Il ne nous manquait plus que ça : voilà que ce bon vieux Bond se met à faire dans le post-moderne : à lui les délices de la mise en abyme et de la métafiction ! Ce n'est d'ailleurs surement pas un hasard si pour une fois le réalisateur n'est pas un illustre inconnu : à 50 ans, forcément, on se met à réfléchir sur sa vie, son passé, et il est grand temps de se payer une rolex si on ne veut pas être suspecté d'avoir raté son entrée dans la maturité.
Dès le début du film (après une course poursuite encore plus folle que toutes les ouvertures précédentes) les choses nous sont clairement dites : si les héros sont fatigués, s'ils s'essoufflent, il faut les tuer. Quitte à les ressusciter, pour repartir sur de nouvelles bases. Changer pour que rien ne change, on connaît la chanson. Ici, elle nous est chantée sur fond d'effondrement : tout s'écroule, s'encastre, déraille, explose. Les méchants vivent dans des ruines, les gentils ne se nourissent plus que de regrets. Les fantômes règnent en maitre sur un monde nocturne où tout n'est que reflet. Il n'y a plus rien, plus personne à sauver.
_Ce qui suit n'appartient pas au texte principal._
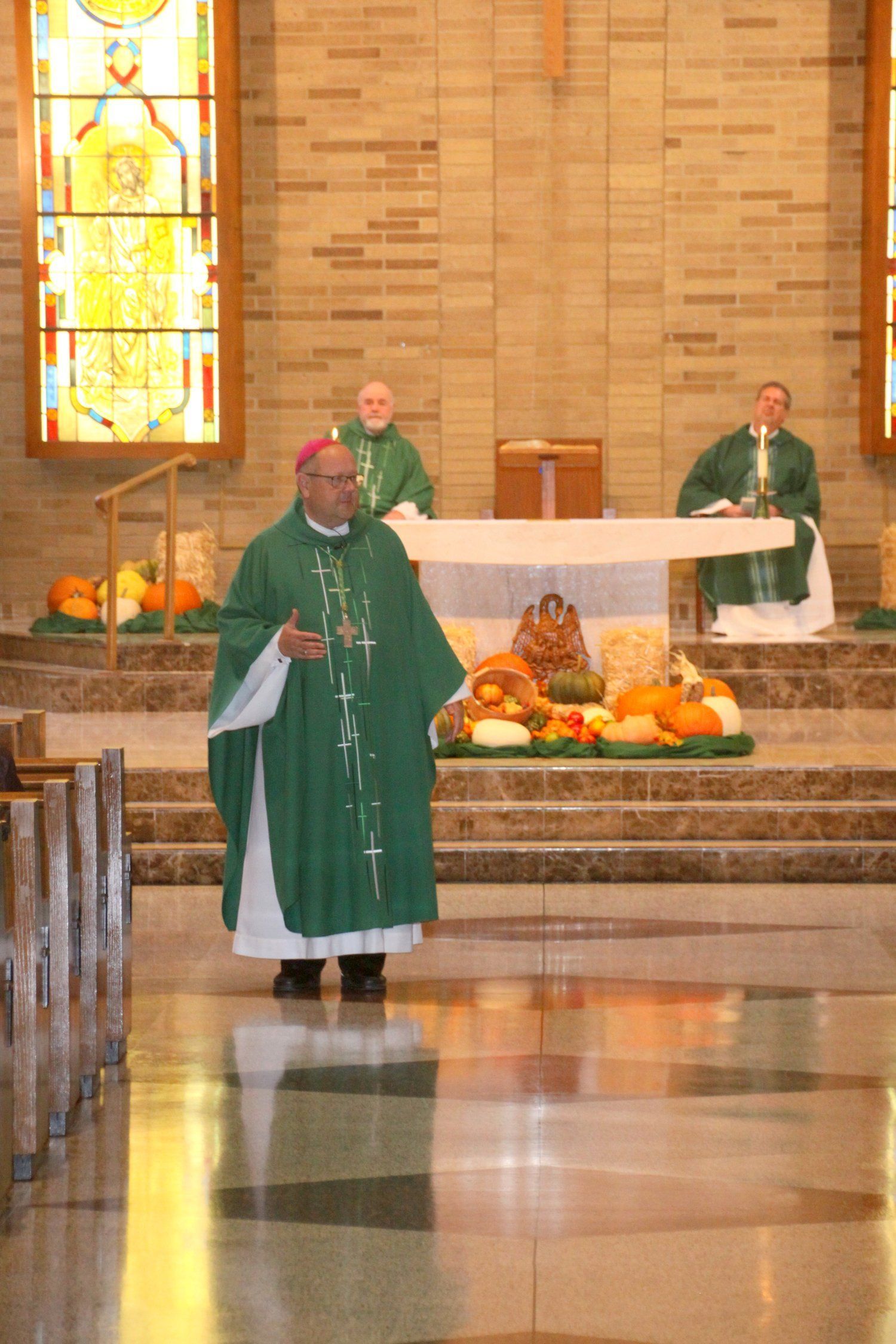 the priest is giving a homily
Et comme un refrain, vaguement monotone quand même, revient la même idée : Bond est vieux. Son visage est meurtri, affaissé, son corps est rouillé. Ses blagues tournent dans le vide, ses gestes tiennent plus du réflexe que de la pure combativité. Et comme tous les vieux, il radote, il se réfugie dans son passé, il regrette. C'était mieux avant ! On dirait que demain est un pari qui semble fatiguer d'avance 007 - et ses scénaristes - alors à la place, voilà qu'ils se piquent de penser. Comme si l'action ne se suffisait plus à elle même : il faut derrière des intentions. Avec cette histoire de vengeance (pas très originale) aux accents tragiques passablement plombants, c'est sur un bien triste constat que se conclut le 23e volet de la série : désormais tout se paye, notre époque n'a qu'un ennemi, le gratuit.